Attendees come in all shapes and sizes and all ranges of health.
As tempting as it is to create a one-size-fits-all program, your group will thank you for taking the time to assess their individual needs. Earlier this month, we spoke with industry insider Matthias Schultze event accessibility. The following tips were culled from that conversation.
- Reserve a few seats for people who have mobility issues at the ends of rows setup for a keynote or educational session.
- Similarly, reserve a few seats for people with hearing or vision issues as close to speakers as possible so they can use their other senses to take in the information.
- Be aware of stairs that might pose access issues and understand work arounds.

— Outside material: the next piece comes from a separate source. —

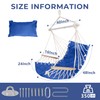 ROOITY Hammock Chair Hanging Swing with Wooden Armrests;Steel Spreader Bar,Pillows,Hardware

- Offer transcribed speeches or videos online as quickly as possible after an event in an effort to get information to all.
- Make sure registration desks and collateral stands can be reached.
- Consider sprinkling in lower tables and seating as well as high-top tables at a reception or party.
- Talk to your website and marketing piece designers (online and traditional) about formats, fonts and colors, text to speech availability and other design elements that work for people with vision issues or physical challenges, e.g. difficulty using a mouse.
- Think through a “two sense” lense. Do important elements at your event offer audio and visual cues for critical information? For example, make sure safety, security and emergency information can be received and understood by all at your venue.
- Be sure to let people know about the steps you are taking to make your event more barrier-free before, during and after the event. This can help people who’d be a great addition but don’t think it’s possible to attend, and help other attendees recommend it to friends, family or colleagues who might otherwise rule it out.